1. The automobile hub bearing flange forming process is characterized by comprising the following steps of:

placing the heated part to be forged into a die cavity (101) of a forging die;

wherein the mold cavity (101) has an outer diameter (103), the outer diameter (103) having a rounded corner a (104), the rounded corner a (104) having a radius of 3mm;

forging the part to be forged by utilizing a stamping mechanism to obtain a hub bearing flange (200);

wherein the hub bearing flange (200) has a first portion (201), said first portion (201) corresponding to the outer diameter (103) of the mould cavity (101) such that the first portion (201) of the hub bearing flange (200) has a rounded corner b (202) corresponding to said rounded corner a (104).

2. A forging die adapted for use in the process of forming a flange of an automotive hub bearing as set forth in claim 1, comprising:

a lower die (100) and an upper die (102);

the die cavity (101) is formed at the top of the lower die (100), the die cavity (101) is provided with an outer diameter (103), and the outer diameter (103) is positioned at the upper part of the die cavity (101) and takes a circular ring shape;

a round angle a (104) arranged at the bottom of the outer side wall of the outer diameter (103);

the upper die cavity (106) is arranged at the bottom of the upper die (102), and an upper die boss (105) is connected to the top of the upper die cavity (106).

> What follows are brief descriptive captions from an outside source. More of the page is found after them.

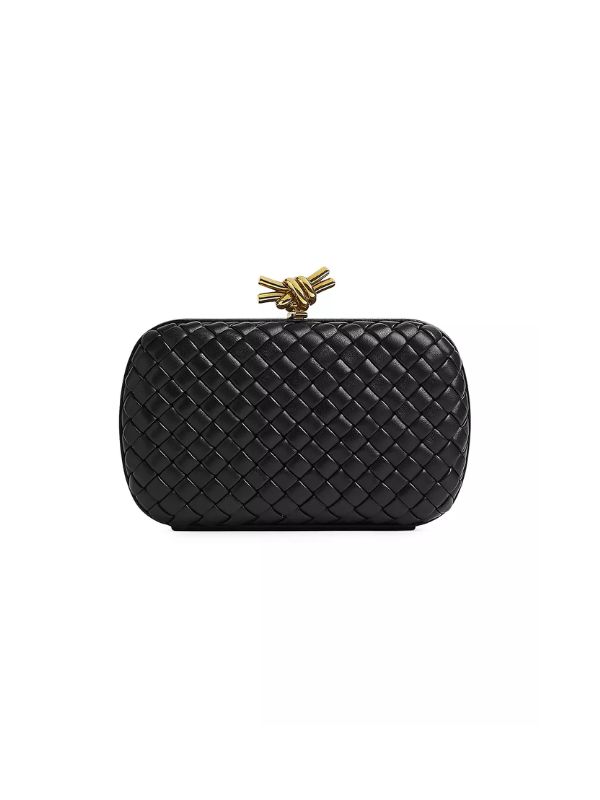 Knot Padded Leather Clutch Black
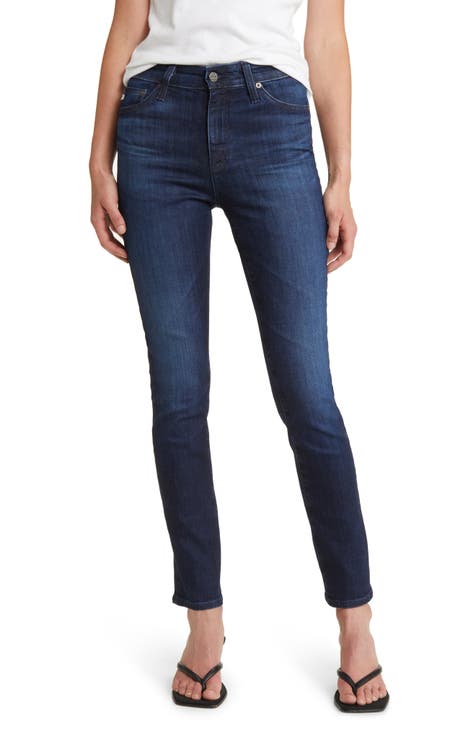 Mari High Waist Ankle Slim Straight Leg Jeans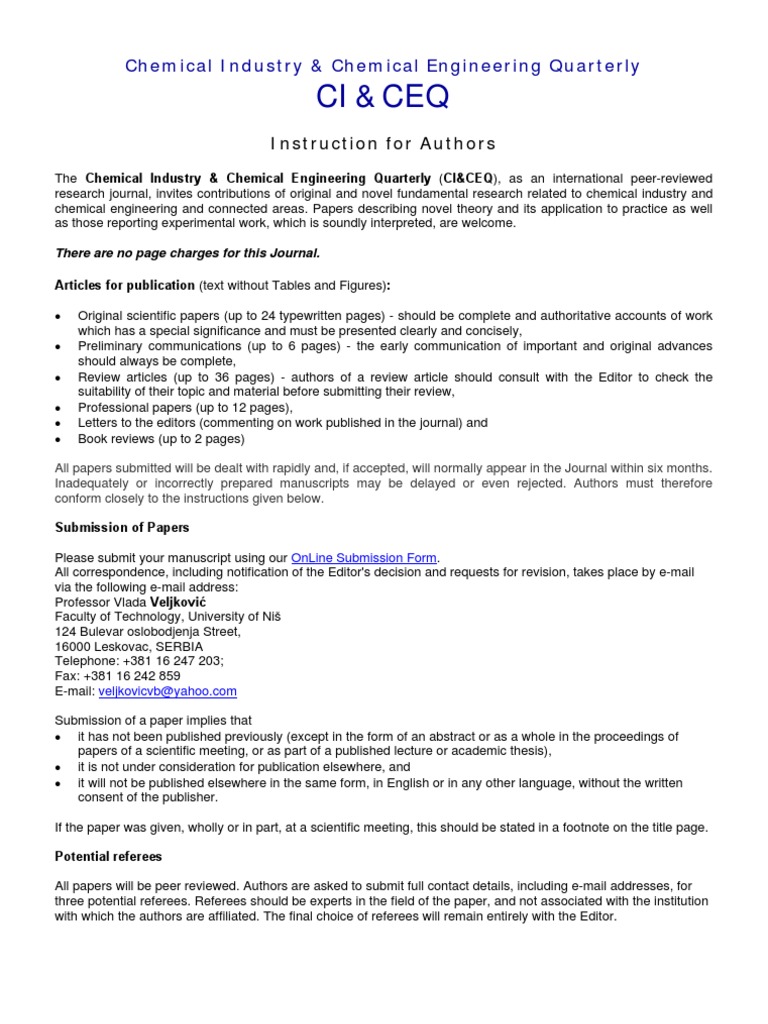 Instruction For Authors Pdf Academic Journal Publishing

3. A forging die according to claim 2, wherein a plurality of struts (300) are connected between the lower die (100) and the upper die (102), the connection between the struts (300) and the lower die (100) being a sliding connection.

4. A forging die according to claim 3, wherein a plurality of first sliding grooves (301) are respectively formed in two sides of the lower die (100), and a first sliding block (302) slidably sleeved with the first sliding grooves (301) is fixedly connected to one side of the supporting rod (300).

5. The forging die according to claim 4, wherein a first positioning rod (303) is fixedly connected to the bottom of the first chute (301), and a bottom opening (304) adapted to the first positioning rod (303) is formed in the outer side wall of the first slider (302).

6. The forging die according to claim 5, wherein two sides of the upper die (102) are respectively provided with a second sliding groove (305), one side of the supporting rod (300) is fixedly connected with a second sliding block (306) which is slidably sleeved with the second sliding groove (305), the top of the second sliding groove (305) is fixedly connected with a second positioning rod (307), one side of the second sliding block (306) is provided with a top opening (308) which is slidably sleeved with the second positioning rod (307), the first sliding block (302) and the second sliding block (306) are round blocks, a preset distance for the second sliding block (306) to rotate is reserved between the bottom of the second positioning rod (307) and the second sliding groove (305), and a preset distance for the first sliding block (302) to rotate is reserved between the top of the first positioning rod (303) and the first sliding groove (301).